Your goal: Find the line with "Teleform allows you" in the entries below, then output every line from it down to the line with "Sometimes when you", exactly and with no pictures.

─── Data to process ───

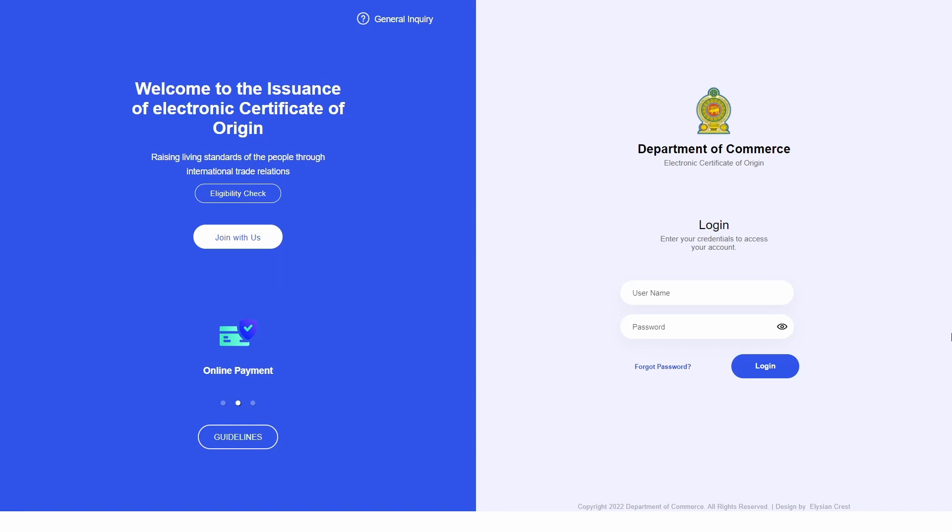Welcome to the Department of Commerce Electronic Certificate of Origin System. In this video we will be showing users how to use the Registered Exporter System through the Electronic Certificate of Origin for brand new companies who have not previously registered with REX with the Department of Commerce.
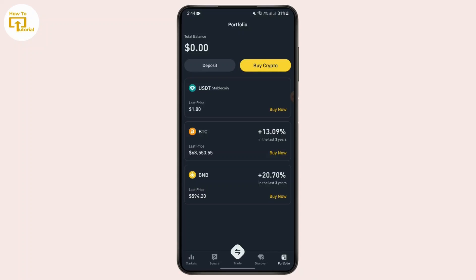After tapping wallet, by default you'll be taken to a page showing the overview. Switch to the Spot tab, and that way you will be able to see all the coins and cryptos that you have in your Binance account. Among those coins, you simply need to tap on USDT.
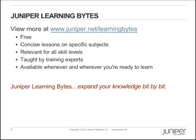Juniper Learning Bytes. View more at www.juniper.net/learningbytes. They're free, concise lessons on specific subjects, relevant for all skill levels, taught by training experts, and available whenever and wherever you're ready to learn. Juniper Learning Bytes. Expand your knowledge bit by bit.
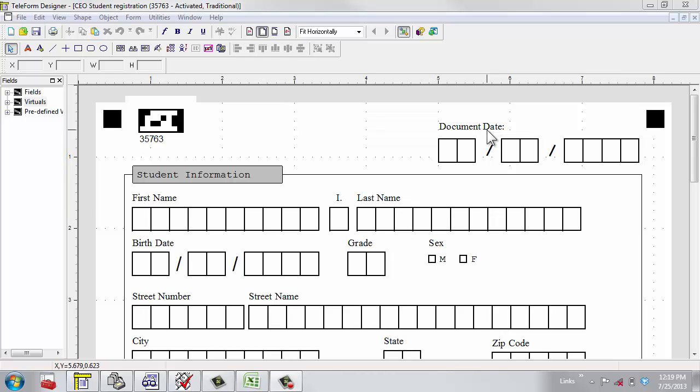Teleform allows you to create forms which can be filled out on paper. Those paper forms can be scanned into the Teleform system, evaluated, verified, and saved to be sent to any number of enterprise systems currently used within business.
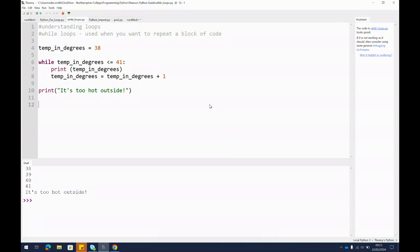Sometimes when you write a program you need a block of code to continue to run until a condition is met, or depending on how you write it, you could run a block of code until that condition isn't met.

───
─── Data to process ───

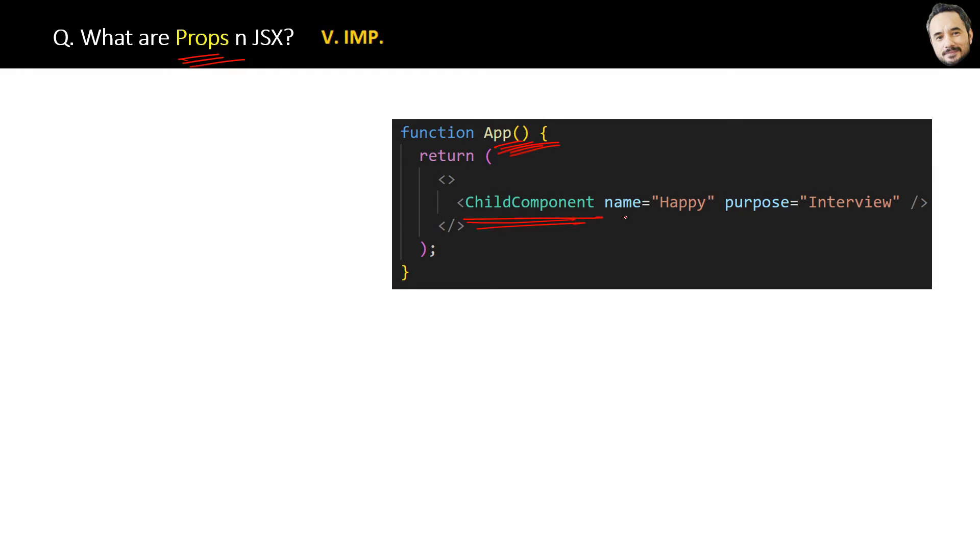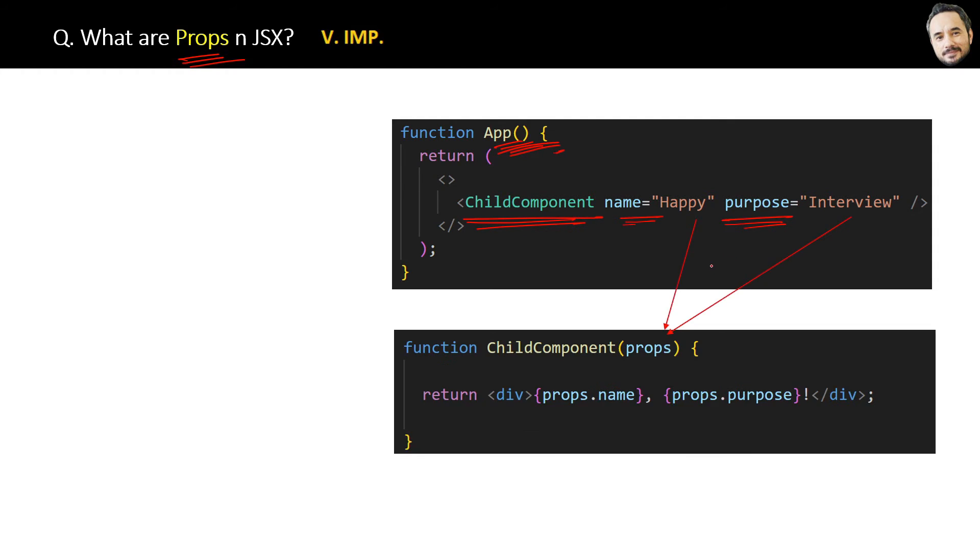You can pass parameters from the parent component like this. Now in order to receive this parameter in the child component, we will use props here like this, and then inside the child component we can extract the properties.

───
─── Data to process ───

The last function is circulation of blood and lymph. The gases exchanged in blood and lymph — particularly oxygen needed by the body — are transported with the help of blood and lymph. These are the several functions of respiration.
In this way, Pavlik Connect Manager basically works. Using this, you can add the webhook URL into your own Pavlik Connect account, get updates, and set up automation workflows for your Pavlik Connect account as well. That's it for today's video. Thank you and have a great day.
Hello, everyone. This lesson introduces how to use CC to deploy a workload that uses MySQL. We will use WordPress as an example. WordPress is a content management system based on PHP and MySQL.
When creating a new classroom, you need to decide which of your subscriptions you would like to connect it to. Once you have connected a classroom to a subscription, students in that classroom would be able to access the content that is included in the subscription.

───

Task answer:
Teleform allows you to create forms which can be filled out on paper. Those paper forms can be scanned into the Teleform system, evaluated, verified, and saved to be sent to any number of enterprise systems currently used within business.
Sometimes when you write a program you need a block of code to continue to run until a condition is met, or depending on how you write it, you could run a block of code until that condition isn't met.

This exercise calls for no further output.